Lee et al. (2026) Drought resistance of dams based on propagation analysis: A case study of various multipurpose dams in South Korea
Identification
- Journal: Journal of Hydrology Regional Studies
- Year: 2026
- Date: 2026-01-09
- Authors: Chaelim Lee, Sera Kang, Sangdan Kim
- DOI: 10.1016/j.ejrh.2026.103106
Research Groups
- Division of Earth Environmental System Science (Major in Environmental Engineering), Pukyong National University, Republic of Korea
- Water Resources & Environmental Research Center, K-water Research Institute, Republic of Korea
Short Summary
This study quantitatively evaluates the drought resistance of nine major multipurpose dams in South Korea by analyzing the propagation of meteorological drought (MD) to hydrological drought in natural (HDn) and dam-adjusted (HDa) states. It found that dams generally mitigate drought duration and intensity, with six out of nine dams showing high resistance, while others exhibited low resistance or even exacerbated drought conditions.
Objective
- To analyze the process by which meteorological drought propagates into hydrological drought regulated by dam operations.
- To quantitatively evaluate the drought mitigation effect (drought resistance) of dams and compare drought resistance between dams.
- To establish evaluation criteria for the role of dams in drought response for major multipurpose dams in Korea.
Study Configuration
- Spatial Scale: Nine major multipurpose dam basins across four river regions (Han, Nakdong, Geum, Seomjin-Yeongsan) in South Korea.

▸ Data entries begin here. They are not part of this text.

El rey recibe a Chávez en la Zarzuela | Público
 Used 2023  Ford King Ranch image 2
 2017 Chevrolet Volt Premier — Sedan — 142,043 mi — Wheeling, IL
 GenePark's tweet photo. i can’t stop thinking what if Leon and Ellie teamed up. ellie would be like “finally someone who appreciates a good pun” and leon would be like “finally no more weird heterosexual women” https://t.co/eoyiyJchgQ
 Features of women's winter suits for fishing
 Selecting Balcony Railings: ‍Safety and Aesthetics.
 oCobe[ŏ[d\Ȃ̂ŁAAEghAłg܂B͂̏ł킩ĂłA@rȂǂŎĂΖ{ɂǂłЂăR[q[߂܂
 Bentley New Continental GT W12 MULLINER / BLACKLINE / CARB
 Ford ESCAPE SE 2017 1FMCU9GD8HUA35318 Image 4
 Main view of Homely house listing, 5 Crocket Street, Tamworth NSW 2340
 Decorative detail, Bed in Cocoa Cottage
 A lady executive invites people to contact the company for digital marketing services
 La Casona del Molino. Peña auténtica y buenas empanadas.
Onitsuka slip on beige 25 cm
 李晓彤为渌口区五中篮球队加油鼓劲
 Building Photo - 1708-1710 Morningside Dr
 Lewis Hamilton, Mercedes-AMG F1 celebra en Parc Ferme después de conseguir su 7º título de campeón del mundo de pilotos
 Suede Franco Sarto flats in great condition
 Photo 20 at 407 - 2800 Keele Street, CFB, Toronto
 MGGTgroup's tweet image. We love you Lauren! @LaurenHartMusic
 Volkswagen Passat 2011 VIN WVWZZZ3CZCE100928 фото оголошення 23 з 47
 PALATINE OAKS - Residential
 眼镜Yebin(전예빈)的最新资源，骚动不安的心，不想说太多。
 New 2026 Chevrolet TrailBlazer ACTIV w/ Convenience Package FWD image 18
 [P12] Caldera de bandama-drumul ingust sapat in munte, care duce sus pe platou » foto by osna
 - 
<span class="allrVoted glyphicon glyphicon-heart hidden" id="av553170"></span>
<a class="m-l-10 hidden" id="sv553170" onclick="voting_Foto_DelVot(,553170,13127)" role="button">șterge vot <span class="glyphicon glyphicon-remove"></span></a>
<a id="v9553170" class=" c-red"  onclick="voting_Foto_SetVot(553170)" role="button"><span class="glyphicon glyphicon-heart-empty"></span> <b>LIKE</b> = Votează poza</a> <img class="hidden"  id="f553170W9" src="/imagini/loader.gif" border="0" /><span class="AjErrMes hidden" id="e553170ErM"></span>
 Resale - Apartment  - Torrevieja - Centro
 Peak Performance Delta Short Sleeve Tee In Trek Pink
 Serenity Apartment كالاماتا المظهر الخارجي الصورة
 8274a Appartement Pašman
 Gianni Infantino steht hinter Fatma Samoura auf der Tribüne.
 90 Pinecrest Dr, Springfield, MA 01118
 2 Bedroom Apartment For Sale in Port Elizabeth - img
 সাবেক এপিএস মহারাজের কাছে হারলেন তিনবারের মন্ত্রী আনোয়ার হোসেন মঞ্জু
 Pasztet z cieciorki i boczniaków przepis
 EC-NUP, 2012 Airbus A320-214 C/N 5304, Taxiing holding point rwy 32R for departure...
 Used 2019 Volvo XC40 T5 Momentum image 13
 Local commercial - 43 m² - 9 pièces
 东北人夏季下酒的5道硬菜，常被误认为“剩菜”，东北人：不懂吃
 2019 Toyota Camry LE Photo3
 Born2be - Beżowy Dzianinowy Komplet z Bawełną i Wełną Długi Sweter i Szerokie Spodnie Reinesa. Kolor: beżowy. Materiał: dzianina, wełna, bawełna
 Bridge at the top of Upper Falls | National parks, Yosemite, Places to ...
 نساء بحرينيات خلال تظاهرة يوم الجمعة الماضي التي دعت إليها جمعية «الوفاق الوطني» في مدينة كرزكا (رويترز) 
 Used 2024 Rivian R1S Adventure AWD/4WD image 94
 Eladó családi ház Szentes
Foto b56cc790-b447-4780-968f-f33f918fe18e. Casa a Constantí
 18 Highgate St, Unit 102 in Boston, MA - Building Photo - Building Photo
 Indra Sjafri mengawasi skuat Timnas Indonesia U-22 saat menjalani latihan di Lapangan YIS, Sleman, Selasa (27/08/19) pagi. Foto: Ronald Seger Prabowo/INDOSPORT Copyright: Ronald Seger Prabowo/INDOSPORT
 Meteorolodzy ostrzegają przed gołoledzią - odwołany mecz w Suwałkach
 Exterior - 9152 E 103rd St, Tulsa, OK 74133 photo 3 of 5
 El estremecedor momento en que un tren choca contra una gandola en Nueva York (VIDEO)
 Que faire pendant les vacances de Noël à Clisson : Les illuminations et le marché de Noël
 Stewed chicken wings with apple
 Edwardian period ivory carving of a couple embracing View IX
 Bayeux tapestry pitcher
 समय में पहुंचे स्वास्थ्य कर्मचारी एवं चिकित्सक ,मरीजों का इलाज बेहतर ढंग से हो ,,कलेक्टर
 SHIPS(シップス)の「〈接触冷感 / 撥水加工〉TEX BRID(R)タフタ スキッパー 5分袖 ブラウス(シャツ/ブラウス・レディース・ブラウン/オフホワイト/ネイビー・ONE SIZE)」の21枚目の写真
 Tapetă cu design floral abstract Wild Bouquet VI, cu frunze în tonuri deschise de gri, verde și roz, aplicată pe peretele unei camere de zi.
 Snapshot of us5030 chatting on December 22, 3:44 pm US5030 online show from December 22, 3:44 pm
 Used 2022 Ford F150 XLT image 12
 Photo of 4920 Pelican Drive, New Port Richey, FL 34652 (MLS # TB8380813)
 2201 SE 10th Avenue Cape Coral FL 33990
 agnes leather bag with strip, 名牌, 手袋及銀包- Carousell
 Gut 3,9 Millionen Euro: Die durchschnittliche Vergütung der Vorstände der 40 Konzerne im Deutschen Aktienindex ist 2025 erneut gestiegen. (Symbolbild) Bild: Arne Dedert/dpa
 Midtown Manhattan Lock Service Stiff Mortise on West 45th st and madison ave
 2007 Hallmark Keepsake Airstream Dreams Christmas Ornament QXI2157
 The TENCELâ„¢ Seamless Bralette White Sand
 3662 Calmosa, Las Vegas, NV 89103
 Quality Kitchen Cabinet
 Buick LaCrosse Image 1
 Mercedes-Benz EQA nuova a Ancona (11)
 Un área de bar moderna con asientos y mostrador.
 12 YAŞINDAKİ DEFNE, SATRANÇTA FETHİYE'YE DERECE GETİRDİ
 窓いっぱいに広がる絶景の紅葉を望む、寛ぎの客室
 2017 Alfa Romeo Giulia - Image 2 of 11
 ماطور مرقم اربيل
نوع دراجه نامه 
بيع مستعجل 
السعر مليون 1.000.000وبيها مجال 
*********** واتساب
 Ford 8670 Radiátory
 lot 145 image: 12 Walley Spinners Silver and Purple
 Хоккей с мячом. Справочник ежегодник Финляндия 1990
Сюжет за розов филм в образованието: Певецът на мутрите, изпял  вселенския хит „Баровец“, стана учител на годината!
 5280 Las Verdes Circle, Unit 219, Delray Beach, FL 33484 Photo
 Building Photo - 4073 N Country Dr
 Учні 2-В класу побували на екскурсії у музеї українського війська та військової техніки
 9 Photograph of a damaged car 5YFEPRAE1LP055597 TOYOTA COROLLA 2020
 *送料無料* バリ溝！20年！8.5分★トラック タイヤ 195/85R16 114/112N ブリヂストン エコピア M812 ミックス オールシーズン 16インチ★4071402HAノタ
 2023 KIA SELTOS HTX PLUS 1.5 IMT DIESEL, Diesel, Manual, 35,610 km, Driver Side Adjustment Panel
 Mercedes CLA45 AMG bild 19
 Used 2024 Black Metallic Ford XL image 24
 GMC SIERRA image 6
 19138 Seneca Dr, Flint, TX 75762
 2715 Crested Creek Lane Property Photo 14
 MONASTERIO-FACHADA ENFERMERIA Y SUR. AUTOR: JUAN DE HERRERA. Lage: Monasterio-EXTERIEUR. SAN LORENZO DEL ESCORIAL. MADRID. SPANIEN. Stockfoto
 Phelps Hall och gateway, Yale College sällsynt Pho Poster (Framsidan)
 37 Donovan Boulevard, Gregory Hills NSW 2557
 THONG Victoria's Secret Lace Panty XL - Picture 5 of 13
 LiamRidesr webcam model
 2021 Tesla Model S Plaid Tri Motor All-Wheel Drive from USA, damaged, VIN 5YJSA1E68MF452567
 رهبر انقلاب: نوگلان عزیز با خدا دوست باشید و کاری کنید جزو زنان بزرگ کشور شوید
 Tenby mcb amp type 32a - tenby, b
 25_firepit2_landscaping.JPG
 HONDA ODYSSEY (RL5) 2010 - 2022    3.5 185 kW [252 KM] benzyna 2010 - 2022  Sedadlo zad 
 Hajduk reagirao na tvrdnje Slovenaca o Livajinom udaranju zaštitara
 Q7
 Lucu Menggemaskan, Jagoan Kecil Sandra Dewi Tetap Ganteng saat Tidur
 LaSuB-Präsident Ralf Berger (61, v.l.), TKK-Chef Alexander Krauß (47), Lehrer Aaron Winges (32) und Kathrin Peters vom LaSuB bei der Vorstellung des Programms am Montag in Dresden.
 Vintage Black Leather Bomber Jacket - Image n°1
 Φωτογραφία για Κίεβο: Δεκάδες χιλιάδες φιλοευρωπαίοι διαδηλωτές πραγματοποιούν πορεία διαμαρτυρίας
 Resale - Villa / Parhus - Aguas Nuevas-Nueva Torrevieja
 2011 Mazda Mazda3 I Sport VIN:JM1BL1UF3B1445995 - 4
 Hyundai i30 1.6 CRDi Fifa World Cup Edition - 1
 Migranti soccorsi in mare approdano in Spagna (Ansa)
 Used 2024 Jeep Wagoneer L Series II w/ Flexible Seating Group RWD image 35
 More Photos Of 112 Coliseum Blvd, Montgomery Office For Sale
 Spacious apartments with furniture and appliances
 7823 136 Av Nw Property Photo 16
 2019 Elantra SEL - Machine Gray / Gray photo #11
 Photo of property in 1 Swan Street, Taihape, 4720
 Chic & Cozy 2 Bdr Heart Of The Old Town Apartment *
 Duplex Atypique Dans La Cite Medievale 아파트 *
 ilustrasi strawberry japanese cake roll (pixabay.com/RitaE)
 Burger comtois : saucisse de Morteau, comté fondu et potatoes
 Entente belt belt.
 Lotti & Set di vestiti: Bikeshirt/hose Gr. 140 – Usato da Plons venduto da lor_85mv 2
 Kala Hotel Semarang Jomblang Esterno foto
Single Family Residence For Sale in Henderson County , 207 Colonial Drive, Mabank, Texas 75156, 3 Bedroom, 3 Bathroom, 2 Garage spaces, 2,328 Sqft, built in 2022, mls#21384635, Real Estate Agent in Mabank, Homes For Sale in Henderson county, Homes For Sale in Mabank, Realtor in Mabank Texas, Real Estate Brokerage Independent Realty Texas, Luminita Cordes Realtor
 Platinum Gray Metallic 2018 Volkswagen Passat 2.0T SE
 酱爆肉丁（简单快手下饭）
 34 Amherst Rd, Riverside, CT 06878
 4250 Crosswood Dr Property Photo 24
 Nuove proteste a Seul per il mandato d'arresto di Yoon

- Temporal Scale: Data periods varying from 23 to 49 years for individual dams, with weather station data having more than 35 years of continuous records.
Methodology and Data
- Models used:
- Standardized Precipitation Index (SPI) for meteorological drought (MD).
- Standardized Runoff Index (SRI) for hydrological drought in natural (HDn) and adjusted (HDa) states.
- Run theory (threshold ≤ -1.0) and Inter-Event Time Definition (IETD = 30 days) for drought event identification.
- Hybrid Lk-based approach for drought propagation time and delay time estimation.
- Univariate frequency analysis for return periods.
- Nagano–Kadoya bivariate exponential distribution for bivariate frequency analysis of duration and intensity.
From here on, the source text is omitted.